Learning to write like a computer
Binary, ASCII and how computers represent data
Computers and electronic systems store information in a variety of formats, but they all share one fundamental construction. At the most basic level the data is stored via an on/off status of lots of single locations of physical memory. In a Solid State Drive (SSD), for example, the on/off states are represented by the state of an individual tiny transistor.
We normally call these two states for a single bit of data 0 or 1, and indeed use a technical term to describe such a single piece of data: it is called a bit.
When you learned to count as a child you memorized the numbers and words for the integers in order:
\[ \text{Zero, One, Two, Three, Four, Five, Six, Seven, Eight, Nine, Ten, Eleven, Twelve,} \ldots \]
\[ 0, 1, 2, 3, 4, 5, 6, 7, 8, 9, 10, 11, 12, \ldots \]

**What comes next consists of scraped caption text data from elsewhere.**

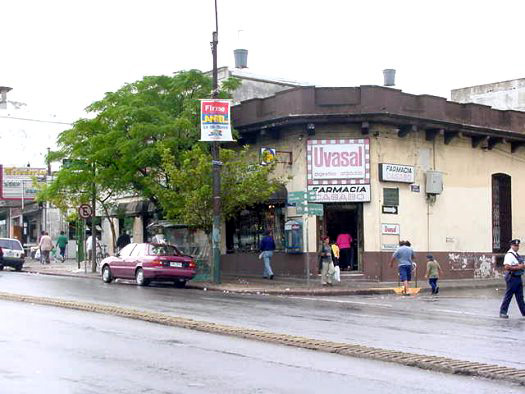 Agraciada esquina Jos Freire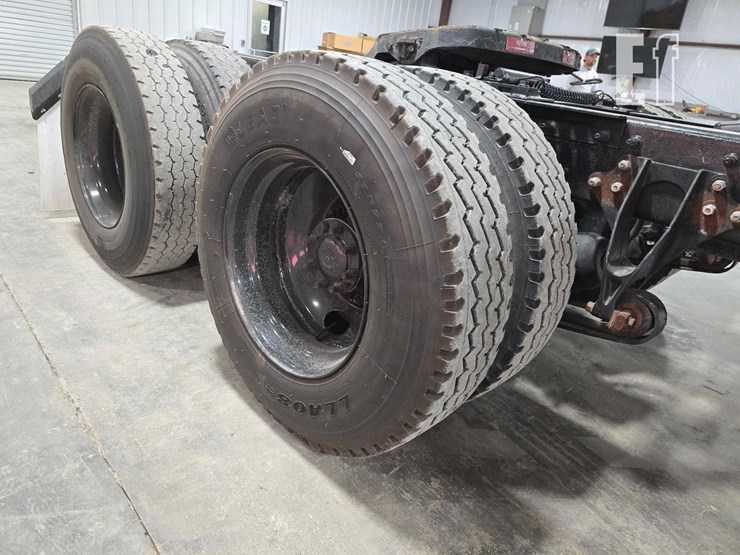 2005-international-9400-image-24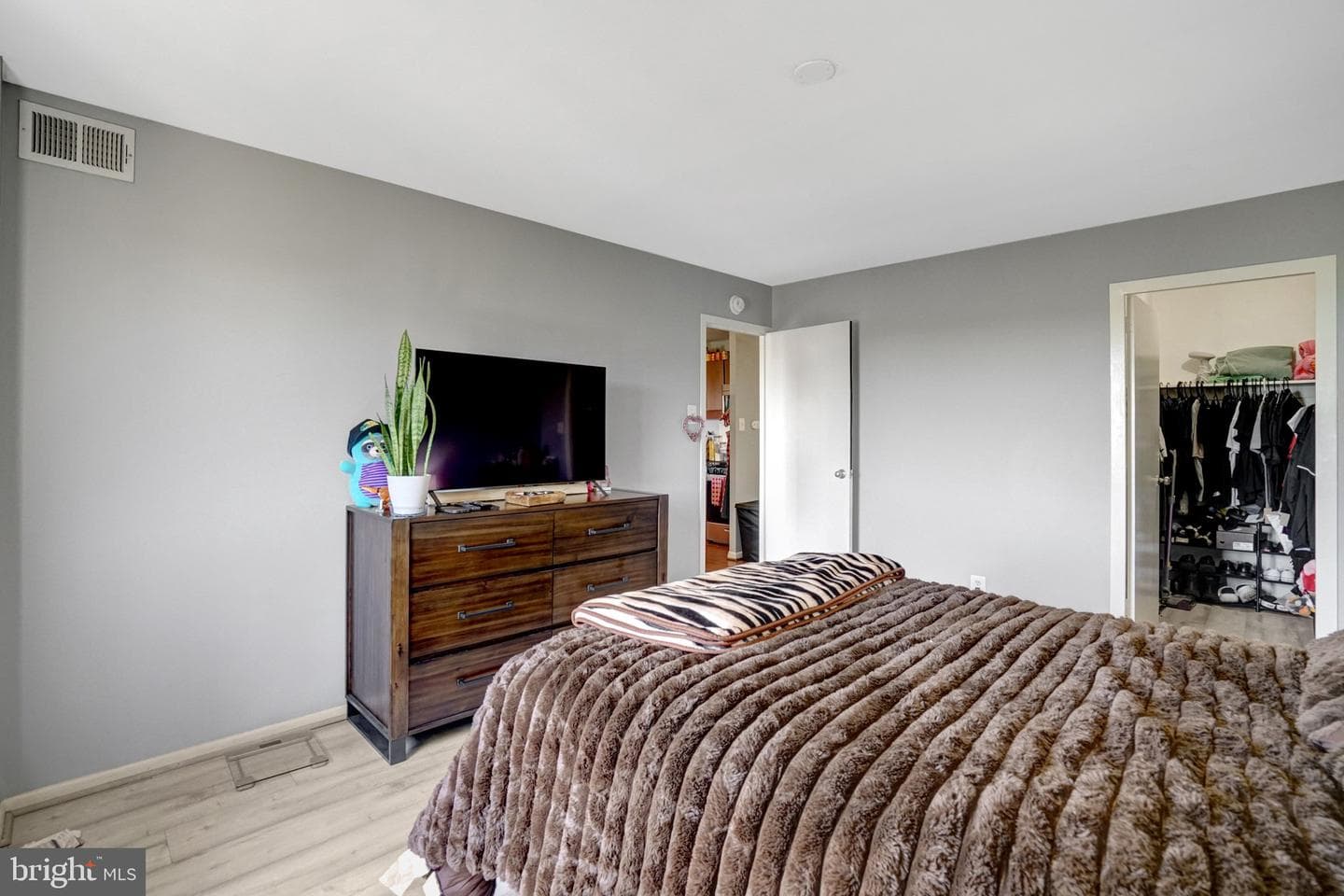 5340 Holmes Run Parkway #919 photo 21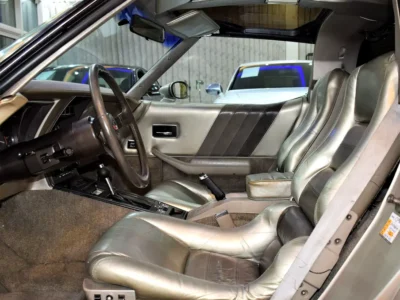 1982 Chevrolet Corvette Other 8 Cylinder Petrol Engine Gold Beige Coupe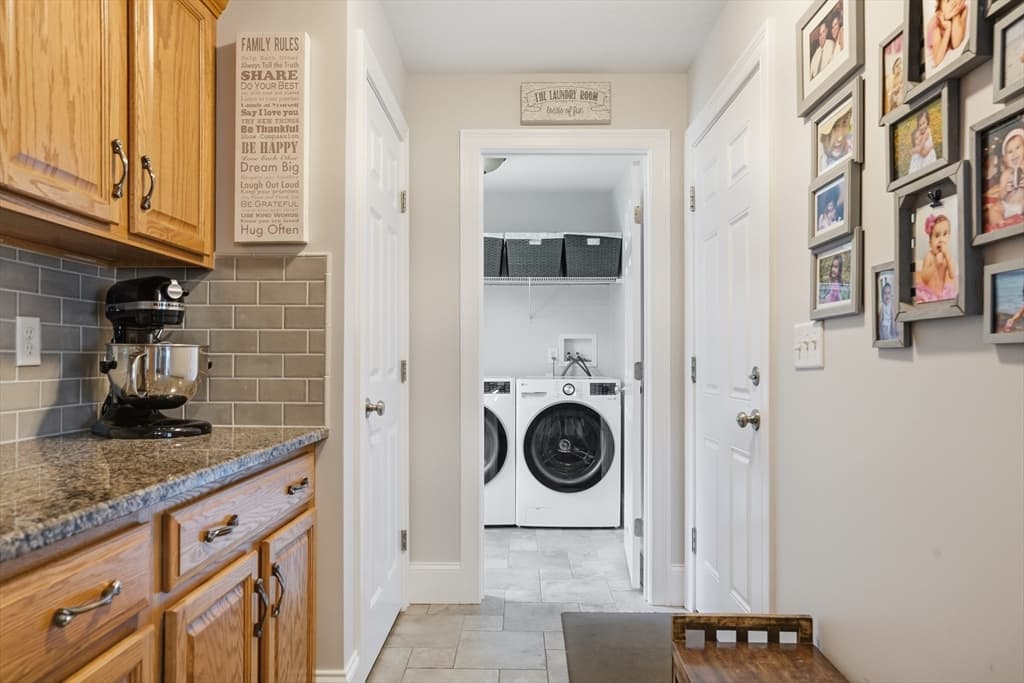 147 Roosevelt St, Fitchburg MA 01420 photo 9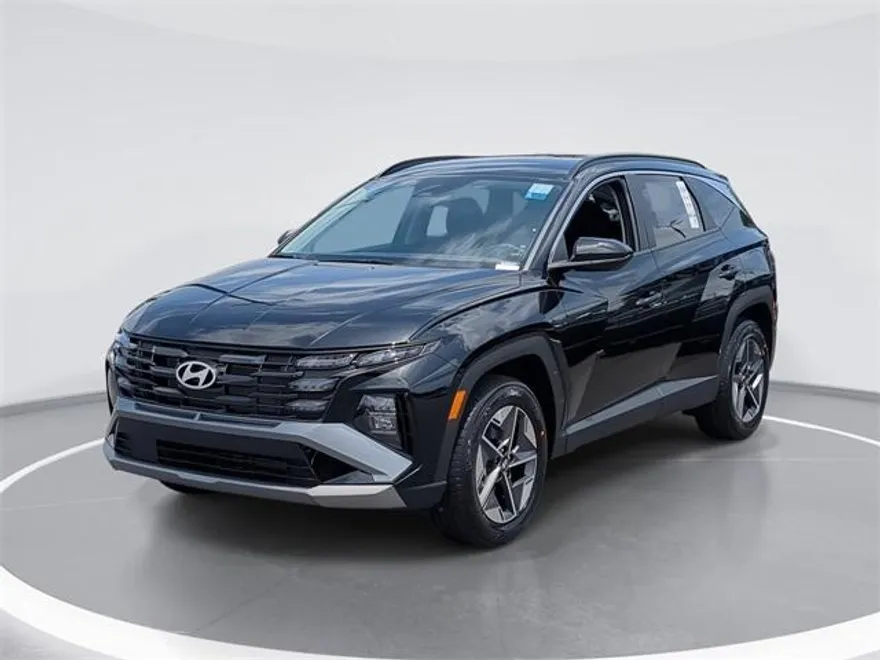 2025 Hyundai Tucson SEL photo 1
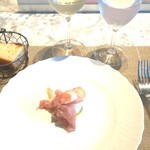 La Brianza - クラッタとボッコンチーノカプレーゼ。かわいいサイズのボッコンチーノと口どけるクラッタ間違いない美味しさ☆ワインとも合うわぁ＼(^-^)／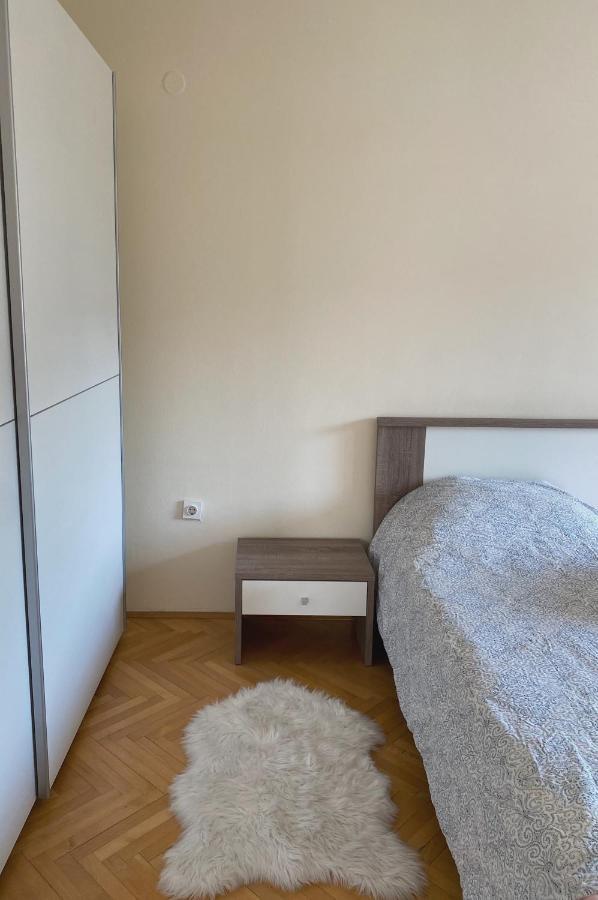 M&C Central Apartment Skopje Exterior photo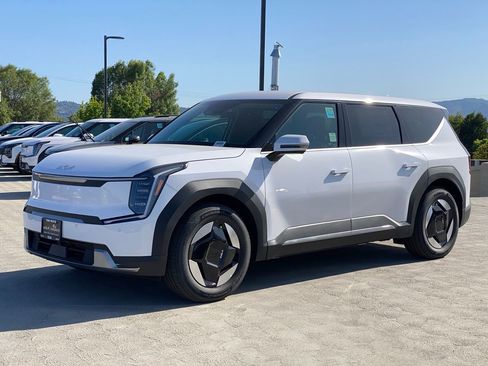 New 2026 Kia EV9 Light RWD image 10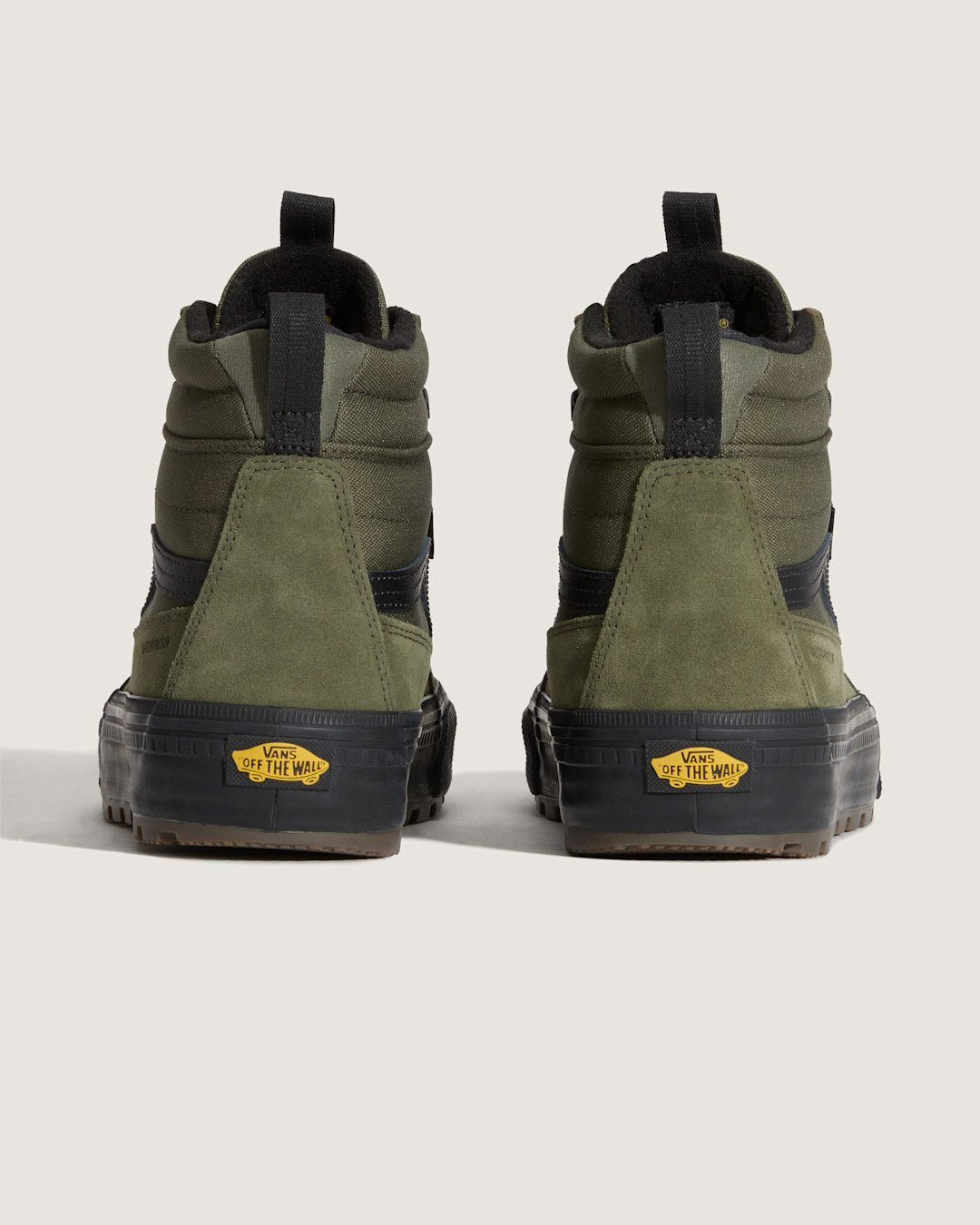 Vans Sk8-Hi Waterproof Insulated Shoe in Green / Black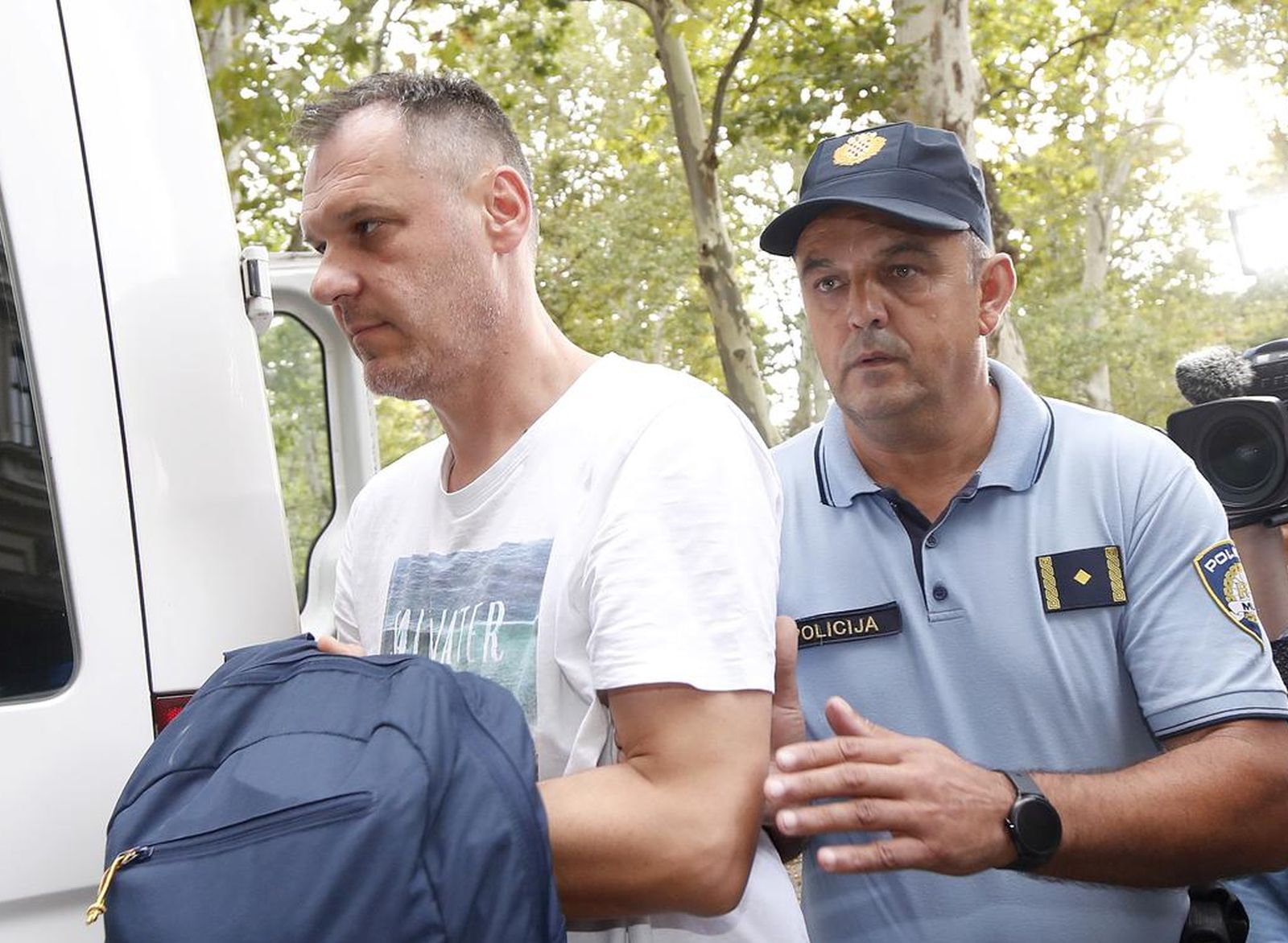 28.08.2022., Zagreb - Uhiceni u akciji policije i USKOK-a zbog sumnje u malverzacije s prirodnim plinom dolaze na Zupanijski sud. Damir Skugor, direktor Inina Sektora za trgovinu prirodnim plinom. Photo: Slavko Midzor/PIXSELL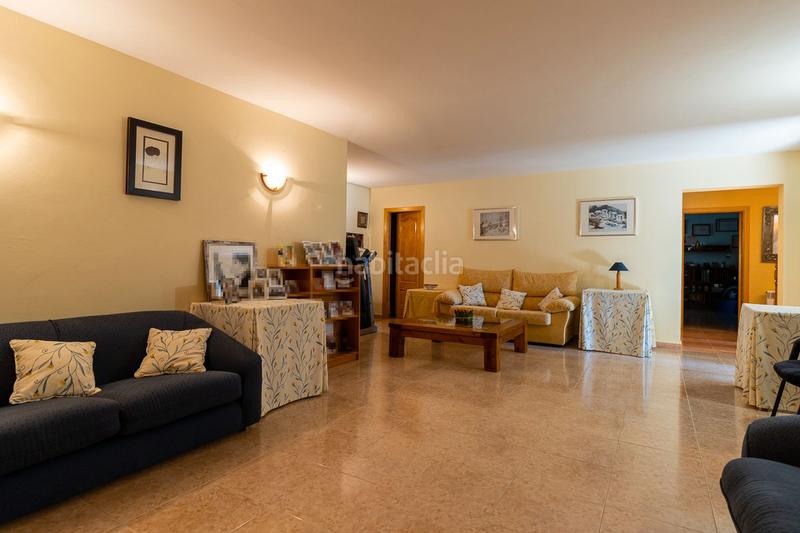 Foto d59b976e-2ab4-40bc-92cb-0b92c31330cd. Chalet avec chauffage parking piscine dans Salud y Alegría - El Lago Torrelodones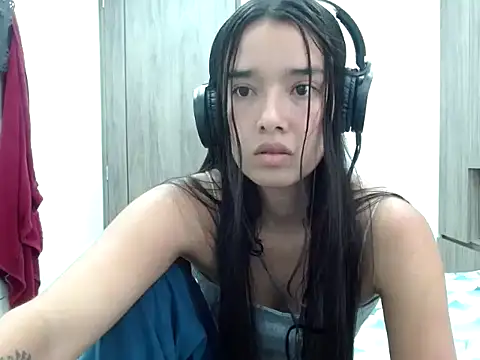 Snapshot of _luna_777 chatting on April 2026 01:16:01 PM luna 777 online show from April 2026 01:16:01 PM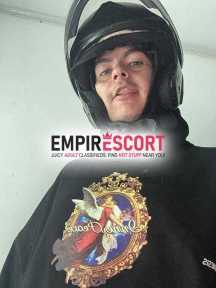 joven vip luxury complaciente parchado
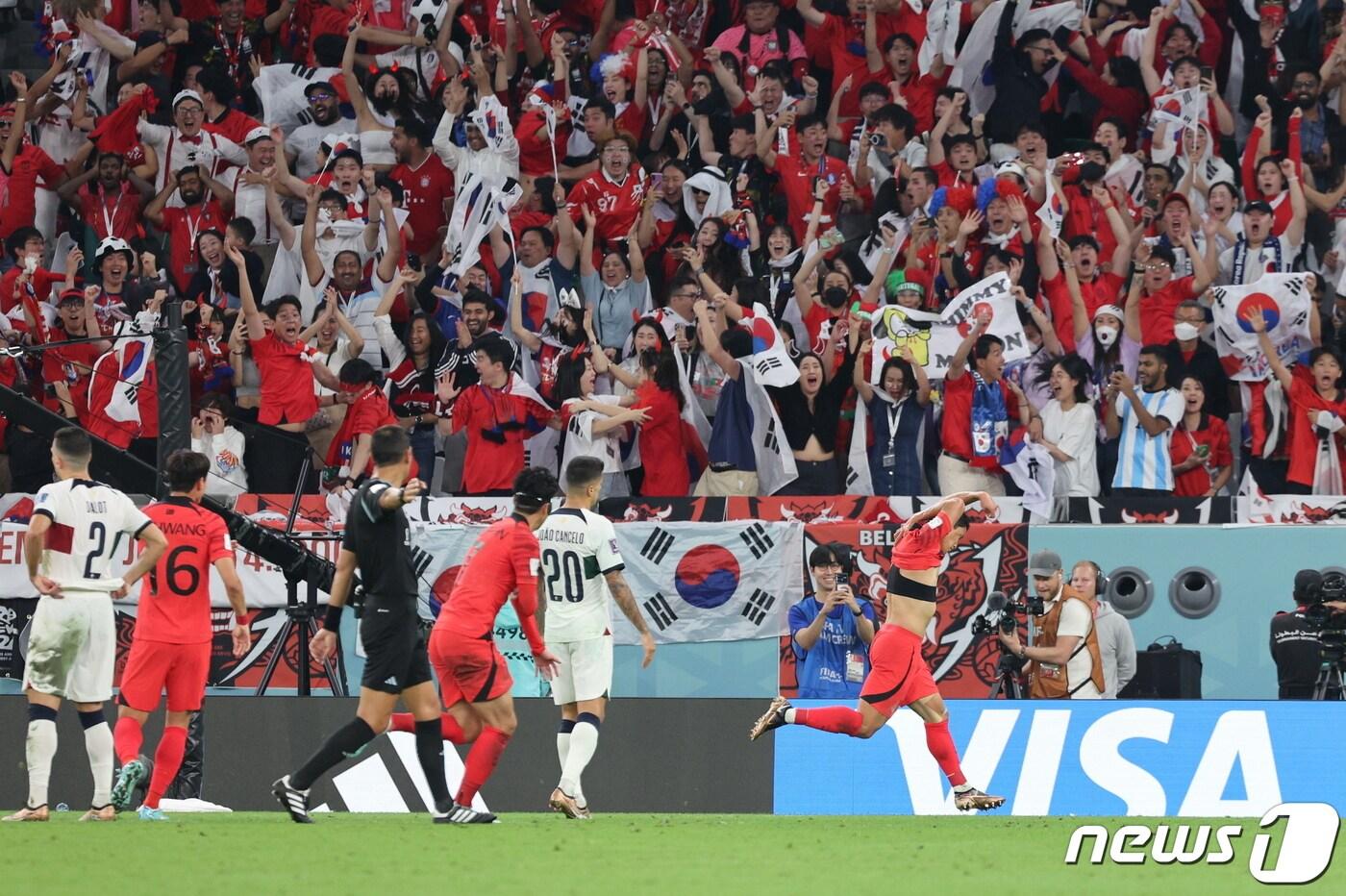 2일 오후(현지시간) 카타르 알라이얀 에듀케이션 시티 스타디움에서 열린 2022 카타르 월드컵 조별리그 H조 3차전 대한민국과 포르투갈의 경기에서 역전골을 넣은 대한민국 황희찬이 세리머니를 펼치고 있다. 2022.12.3/뉴스1 ⓒ News1 이동해 기자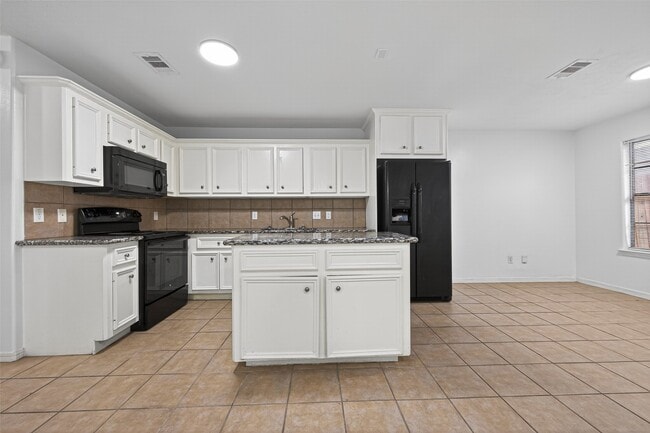 Photo - 10039 Morocco Rd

You’ve probably already forgotten how strange it was to you as a child that after NINE there wasn’t a number to represent TEN, instead we re-use the 1 and 0 digits. This is because we use what is known as Base Ten (also called Decimal), where the 1 digit shifted left by one represents TEN. Interestingly in Base Ten there are ten different digits used (0, 1, 2, 3, 4, 5, 6, 7, 8 and 9) but none of them actually represents ten itself!
Since computers work fundamentally by editing 0s and 1s it actually makes enormous sense for efficiency for them to work in Base Two (also known as Binary).
Task One:
- Investigate how to count to ten in binary. You may find this webpage useful (wikiHow link) or the first six minutues of this video (Intro to Binary), or find one yourself online!
- In Decimal the numbers \(1, 11, 111, 1111,\) etc.. differ by ten, one hundred, one thousand etc… What do the binary numbers \(1, 11, 111, 1111,\) etc… differ by?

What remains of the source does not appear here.